PROMPT:
Output the full listing below exactly as it reads, and skip anything that is a picture.

EXERCISE DATA:
★ ★ ★ ★ ★
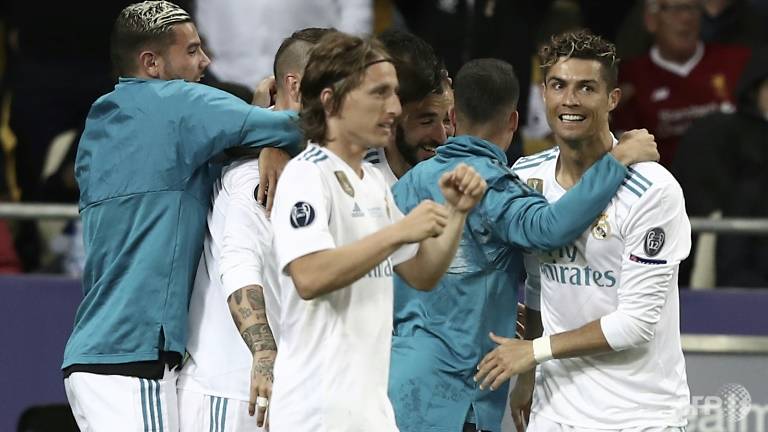 Ronaldo, Salah dan Modric Masuk Nominasi Pemain Terbaik FIFA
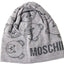 Cappello Moschino art 65225 con face teddy lurex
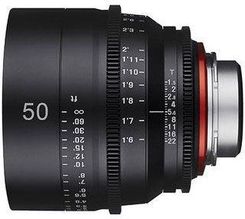 Samyang 50mm T1.5 FF CINE XEEN (PL) - Obiektywy do kamer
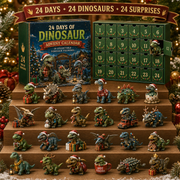 24 Days of Dinosaur Christmas Advent Calendar thumbnail 6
★ ★ ★ ★ ★
ANSWER BOX:
 Ronaldo, Salah dan Modric Masuk Nominasi Pemain Terbaik FIFA
 Cappello Moschino art 65225 con face teddy lurex
 Samyang 50mm T1.5 FF CINE XEEN (PL) - Obiektywy do kamer
 24 Days of Dinosaur Christmas Advent Calendar thumbnail 6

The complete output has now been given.